Dylan: Maybe you can walk through the steps and how those two inputs are used.

Noah: Let me take a step back and provide an overview of the process that Heirloom is working on. Very high level, we use naturally available minerals, particularly limestone or calcium carbonate to capture CO2 from the atmosphere. In our process that limestone is sent into a reactor and at temperatures around 900 degrees Celsius. Calcium carbonate breaks apart into two parts, calcium oxide, and CO2. We can capture that CO2 in a near pure form and store that underground to keep it sequestered away from the atmosphere. The calcium oxide we’ve produced from that reaction is highly thirsty for CO2.

We’ve essentially given the mineral superpowers and it wants to take out CO2 from the atmosphere. What we can do with that is we can spread it on trays, put those trays into racks and allow it to come in contact with air naturally. In less than a week, we actually reproduce that calcium carbonate material. We can take that calcium carbonate now and feed it back into that reactor once again, breaking in the part into calcium oxide and CO2, and this time that CO2 that we’ve captured from the atmosphere is directly from the air.

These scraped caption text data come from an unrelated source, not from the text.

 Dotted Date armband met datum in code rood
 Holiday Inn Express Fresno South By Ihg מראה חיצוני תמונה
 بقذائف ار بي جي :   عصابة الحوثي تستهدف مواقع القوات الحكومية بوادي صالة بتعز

We’ve removed CO2 from air, and we can reuse that calcium monoxide to capture more CO2 from the atmosphere. It’s really a cyclic process and the inputs, the limestone is absorbed into the material that’s taking the CO2 out of the air in the cyclic process and the steel is our other main input and it provides the structure for those tray back configuration that we’re talking about.

Dylan: Got you. This is where I wish I had paid more attention in high school chemistry. When I was reading about this, tell me if this is a useful analogy, but it sounds– I think of it as a sponge. Calcium Carbonate is a sponge that has CO2 in it. You heat it up, squeeze the sponge and the CO2 is separated from the calcium oxide.

Noah: Absolutely.

Dylan: That CO2, then you can store and inject underground. That calcium oxide is then an empty sponge, which is thirsty for the carbon dioxide again and you can just repeat the cycle, what? Indefinitely?

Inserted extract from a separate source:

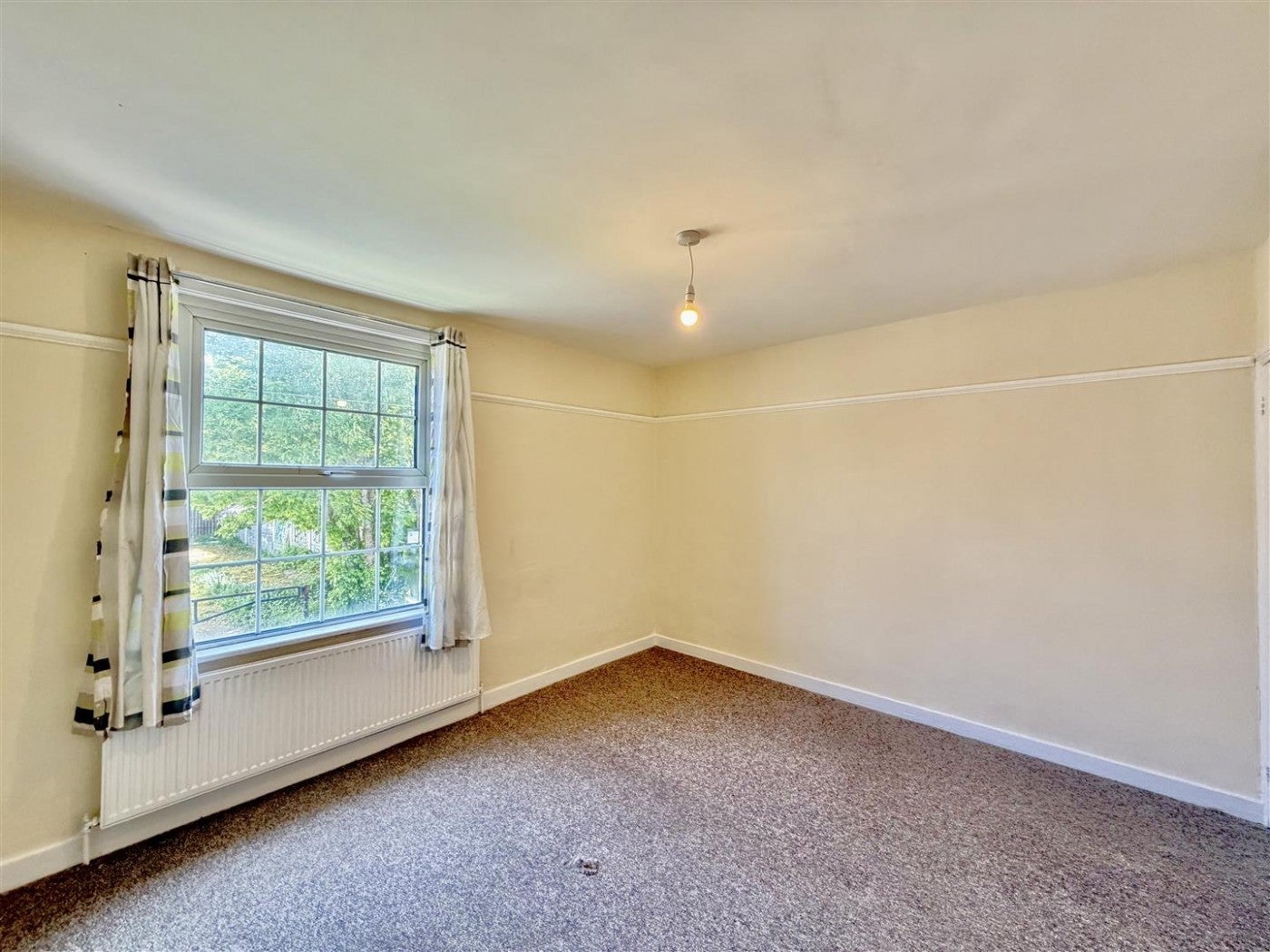 Flat Strafford Road in Greater London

Noah: Yes, absolutely. That’s a great analogy for the process.

Dylan: Okay. Those inputs are one-time inputs for each of your plants, the calcium carbonate, or the limestone you mine at once or you extract it from the earth once and you can use it indefinitely?

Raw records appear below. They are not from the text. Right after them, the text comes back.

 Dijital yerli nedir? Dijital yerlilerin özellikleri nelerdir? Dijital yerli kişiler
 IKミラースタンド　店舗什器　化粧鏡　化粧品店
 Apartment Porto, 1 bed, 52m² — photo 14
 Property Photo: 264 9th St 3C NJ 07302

Noah: Yes. We’re currently probing what the limits of that are. We haven’t cycled it indefinitely. There may be some in the threshold at which we can’t use it anymore. There may be some losses per cycle that we’ll have to make up with small amounts of calcium carbonate but for the most part, it’s highly cyclable and we’re optimistic that we can do dozens, if not hundreds of cycles with the same material.

Dylan: I should say, there’s an awesome white paper that you’ve shared with me and we’ll put a link in the show notes because it has some really clear diagrams that visualize what we’re talking about. It’s a tough topic for podcasting, but those visuals are really helpful. The other thing I understand about this is this is a natural process that occurs naturally, but you’ve found a way to speed it up. Is that right?

Noah: We have, yes.

Dylan: Can you talk about how you speed it up?

Noah: It is one of our key technical challenges, maintaining the high CO2 uptake rate through our material. That’s how we give it superpowers and it’s like the bread and butter of what our process is on the carbonation side. We combine geochemistry with the knowledge of equipment design and industrial automation and bring all of those components together to control how these minerals take up CO2 from the atmosphere and that’s one of key factors in achieving that low cost. It’s a little bit of bread and butter, and we’ll talk about it hopefully later this year.

Dylan: Yes, cool. The punch line is this natural process typically takes what? Months, years, is sped up to the timescale of what is it? Days?

Noah: Days, yes. We’re on the order of three to seven days for any given conditions.

“We’re going to need a lot of different solutions and a handful of companies to be successful because that is what the climate needs.”

— Noah

Dylan: That’s a great overview of what Heirloom is doing and how it compares to other DAC companies. I’m curious when you look at this whole carbon removal marketplace, how do you view these other companies doing direct air capture? Do you see them as competition? Is there enough CO2 to go around and it’s all hands on deck situation? How do you look at that?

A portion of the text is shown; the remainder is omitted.